(Exercise materials begins)
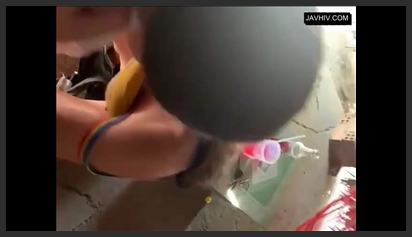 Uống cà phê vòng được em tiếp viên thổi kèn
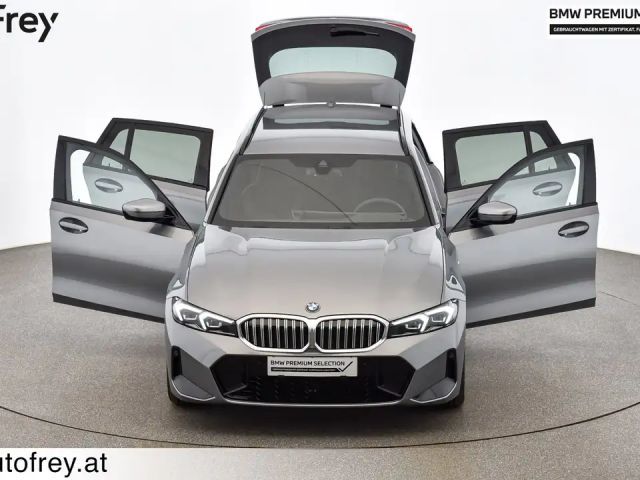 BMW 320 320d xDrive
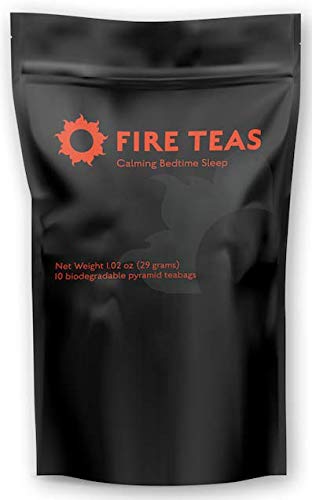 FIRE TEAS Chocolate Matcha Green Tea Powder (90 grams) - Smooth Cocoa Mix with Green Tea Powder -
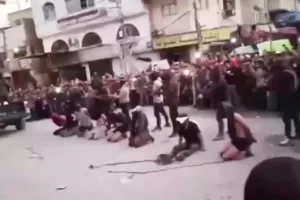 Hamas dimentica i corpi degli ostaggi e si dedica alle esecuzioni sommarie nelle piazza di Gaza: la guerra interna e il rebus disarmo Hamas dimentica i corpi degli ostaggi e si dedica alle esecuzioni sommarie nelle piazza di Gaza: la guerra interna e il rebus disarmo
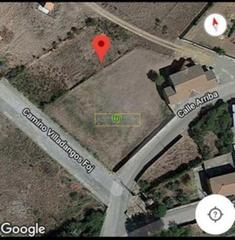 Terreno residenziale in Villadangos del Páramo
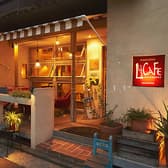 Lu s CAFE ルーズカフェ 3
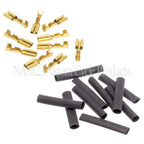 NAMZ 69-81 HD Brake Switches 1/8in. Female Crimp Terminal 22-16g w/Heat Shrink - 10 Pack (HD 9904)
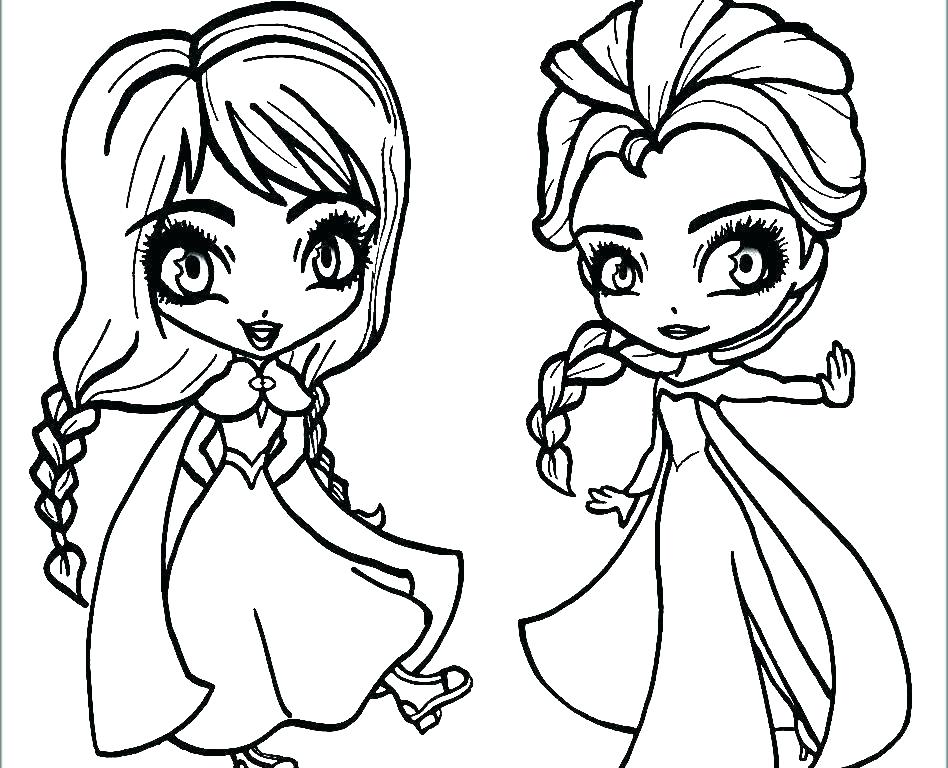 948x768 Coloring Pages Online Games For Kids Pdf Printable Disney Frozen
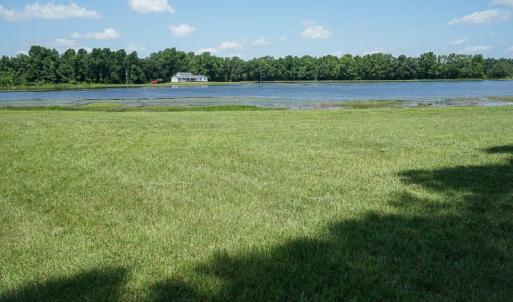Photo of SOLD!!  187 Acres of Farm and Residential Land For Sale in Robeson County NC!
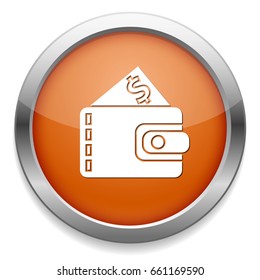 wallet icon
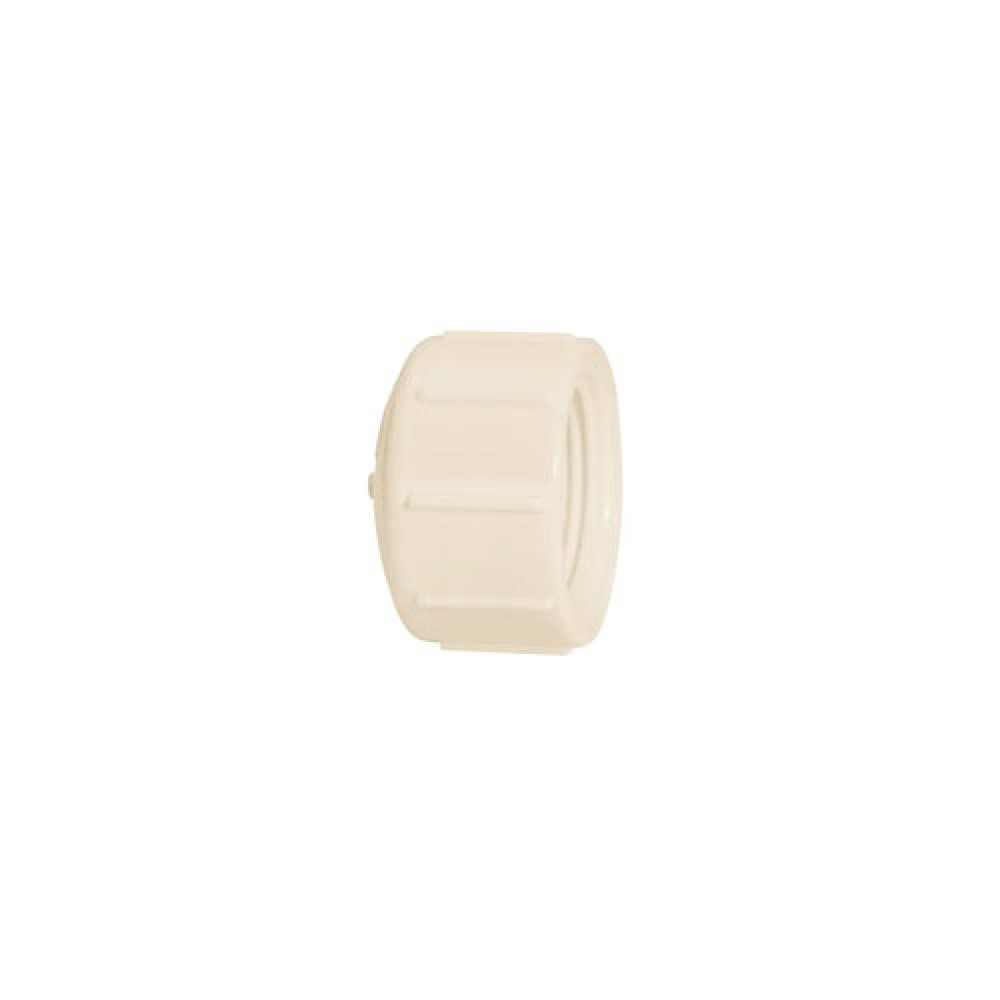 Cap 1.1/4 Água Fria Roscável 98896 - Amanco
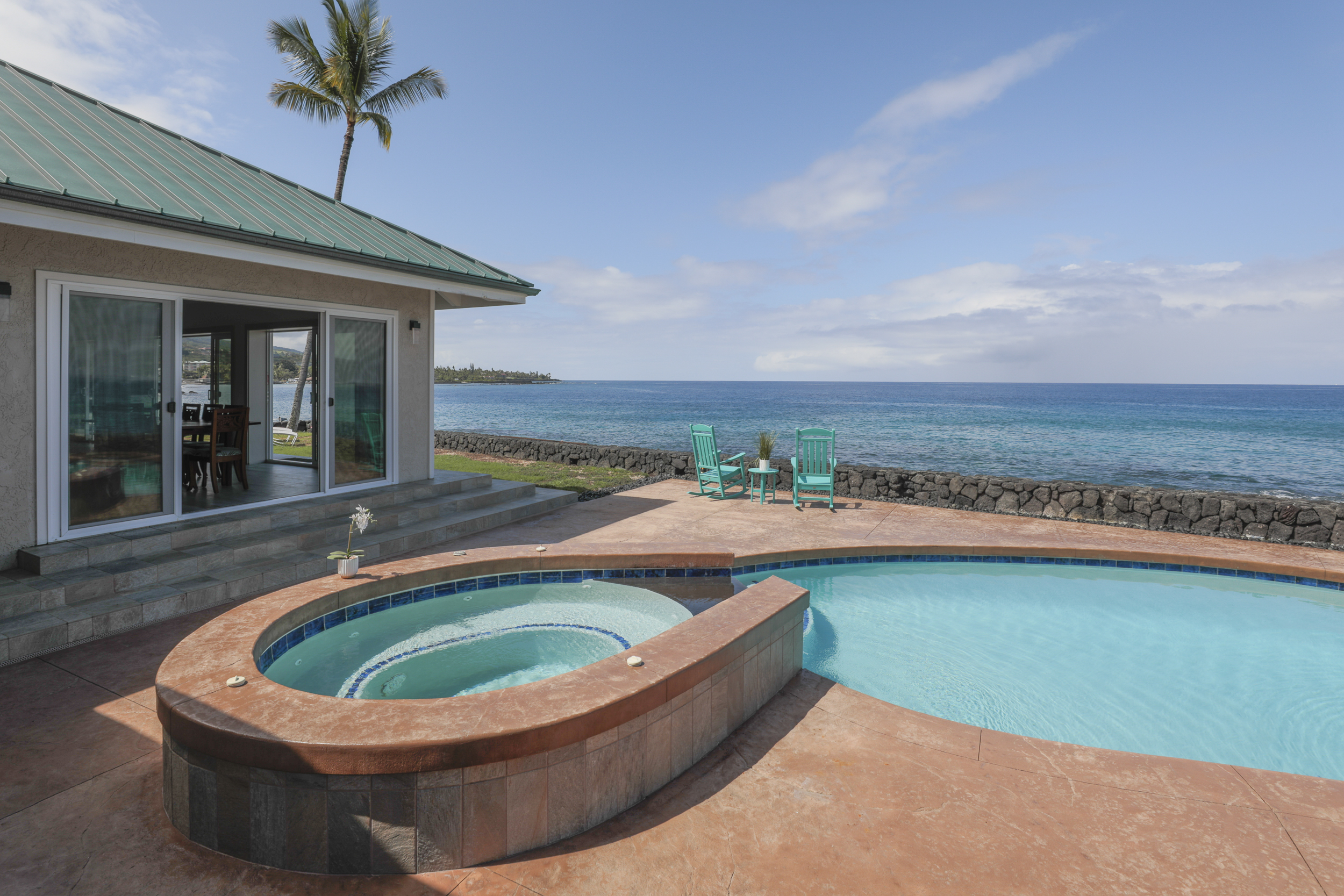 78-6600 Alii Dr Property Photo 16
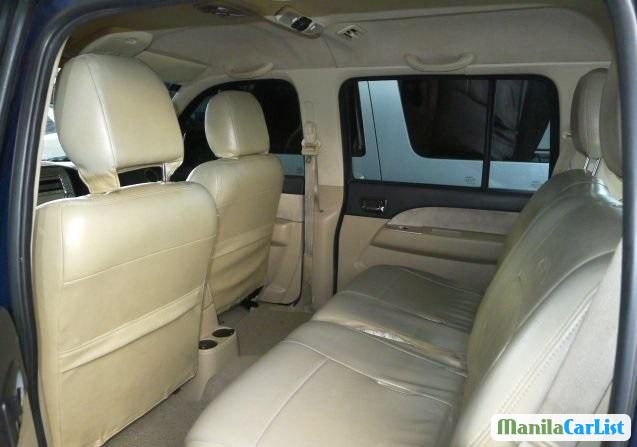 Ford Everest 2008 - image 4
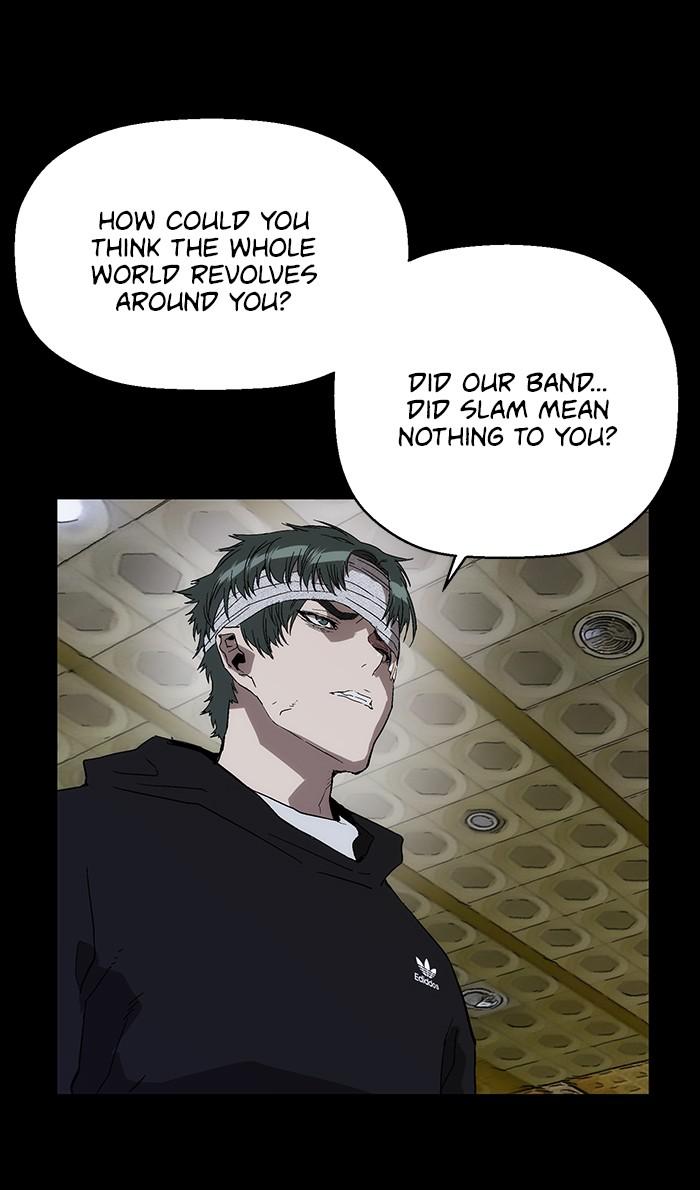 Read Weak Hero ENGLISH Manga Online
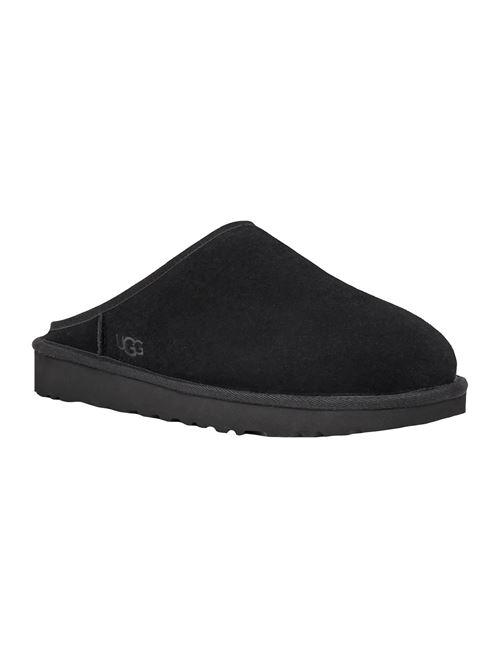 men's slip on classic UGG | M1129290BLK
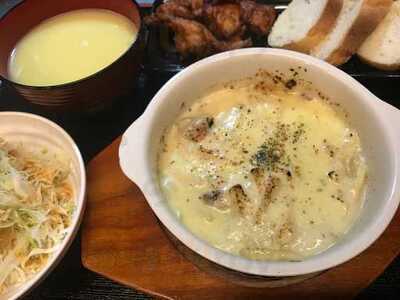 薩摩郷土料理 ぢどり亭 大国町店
(Exercise materials ends)
- [Try it]: Every record above must be given again exactly; drop the pictures.

- [Solution]:
 Uống cà phê vòng được em tiếp viên thổi kèn
 BMW 320 320d xDrive
 FIRE TEAS Chocolate Matcha Green Tea Powder (90 grams) - Smooth Cocoa Mix with Green Tea Powder -
 Hamas dimentica i corpi degli ostaggi e si dedica alle esecuzioni sommarie nelle piazza di Gaza: la guerra interna e il rebus disarmo Hamas dimentica i corpi degli ostaggi e si dedica alle esecuzioni sommarie nelle piazza di Gaza: la guerra interna e il rebus disarmo
 Terreno residenziale in Villadangos del Páramo
 Lu s CAFE ルーズカフェ 3
 NAMZ 69-81 HD Brake Switches 1/8in. Female Crimp Terminal 22-16g w/Heat Shrink - 10 Pack (HD 9904)
 948x768 Coloring Pages Online Games For Kids Pdf Printable Disney Frozen
Photo of SOLD!!  187 Acres of Farm and Residential Land For Sale in Robeson County NC!
 wallet icon
 Cap 1.1/4 Água Fria Roscável 98896 - Amanco
 78-6600 Alii Dr Property Photo 16
 Ford Everest 2008 - image 4
 Read Weak Hero ENGLISH Manga Online
 men's slip on classic UGG | M1129290BLK
 薩摩郷土料理 ぢどり亭 大国町店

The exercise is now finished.